On 30 August 1996 the matter was listed before Special Magistrate Dainer. Why it was not returned to Magistrate Burns, being part-heard before him, was not explained. Mr Madden of the DPP's office appeared for the second respondent. The first respondent did not appear.

Upon noticing that the appellant had paid the prescribed sum on 3 June 1996, with the effect that the appellant's licence had ceased to be suspended, his Worship, not unreasonably, questioned the appellant's standing to complain of the suspension imposed on that day.
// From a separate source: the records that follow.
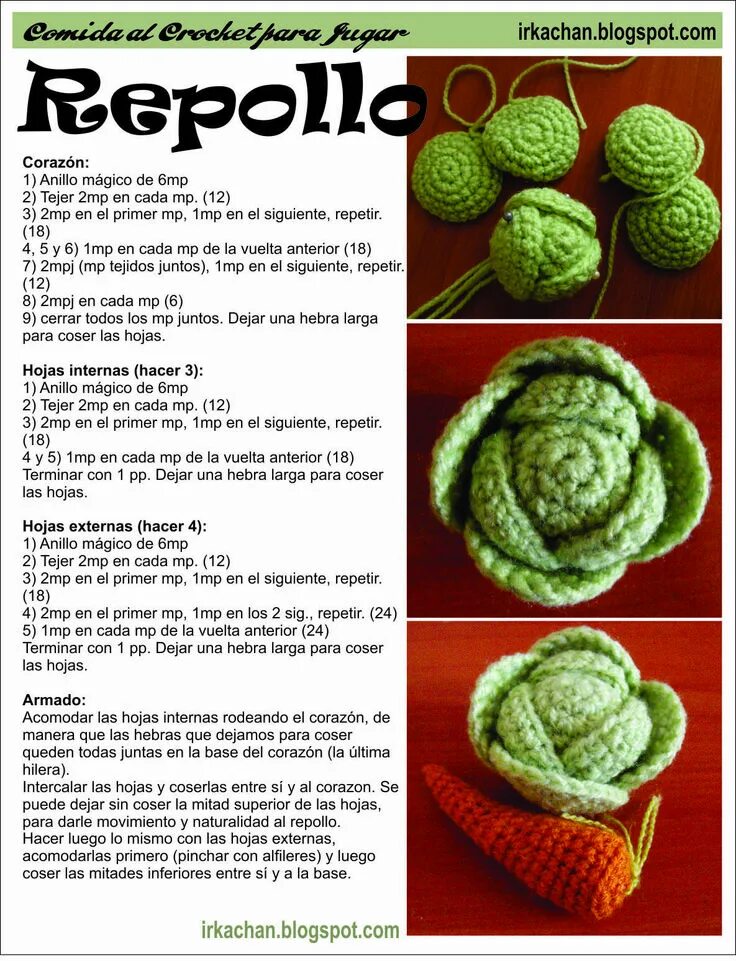 Капуста амигуруми крючком схема Repollo. Patrón gratis en español Comida amigurumi, Comida de ganchillo, Patrone
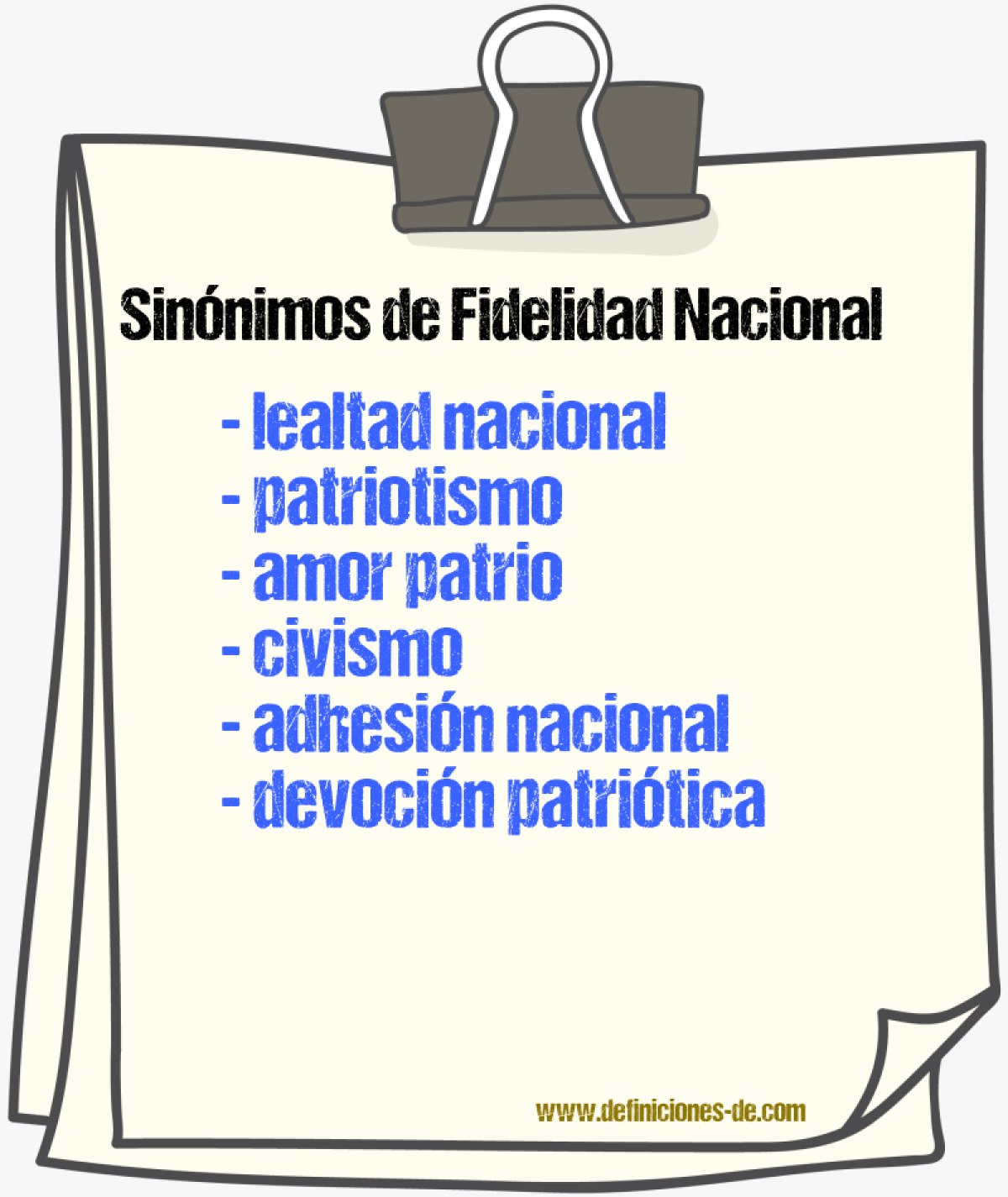 Sinónimos de fidelidad nacional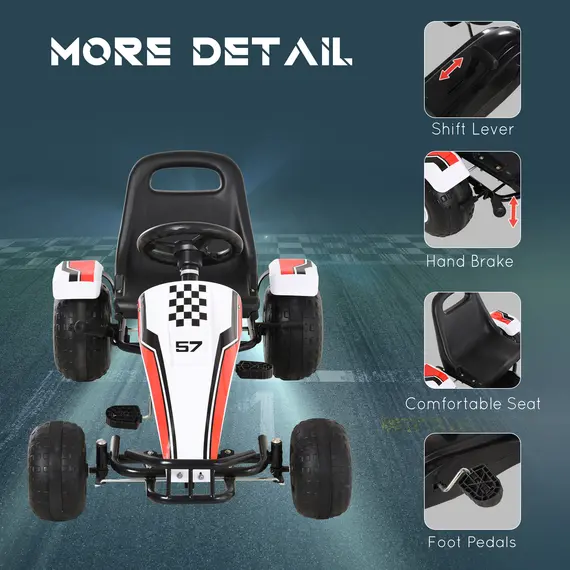 Buy HOMCOM Kids Children Pedal Go Kart Manual Ride On Car w/ Brake Gears Steering Wheel Adjustable Seat 4 Smooth Wheels Racing-Style White 104 x 66 x 57 cm, 5 image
No reference was made either by his Worship or Mr Madden to the fact that, correctly or not, Magistrate Burns had already ruled that the Magistrates Court had jurisdiction, notwithstanding payment of the penalty, to entertain the application on its merits. By this stage the appellant might be forgiven for feeling somewhat confused. His confusion was no doubt deepened when Mr Madden expressed the view, contrary to what the appellant believed to be the effect of the legislation, that payment of the penalty had quashed the demerit points also "by virtue of ss180H and 180G".

It is not clear whether his Worship accepted or not Mr Madden's opinion in relation to the demerit points. If he had done so it would have been a glaring error of law.

His Worship, without indicating whether he accepted or rejected that view of ss180G and 180H or whether he regarded that matter as relevant, ruled that he did not have jurisdiction to entertain the application. His only stated reason was that the appellant's licence being "no longer suspended", he lacked the power to entertain the application.

The application was refused accordingly. The formal order his Worship had made, as expressed on the Bench Sheet, was "app. refused (at time of making application under s180H (MTA), apps licence suspension had been cancelled (s180G), therefore no grounds for application)."

On 19 September 1996, the appellant lodged a notice of this appeal, seeking to set aside the decision of Special Magistrate Dainer. No objection is taken to the form or sufficiency of the notice of appeal itself. It was lodged on 19 September 1996. That was within 21 days after the decision. However, it was lodged as if of right. The respondents submit leave was required, though the grant of leave was not opposed.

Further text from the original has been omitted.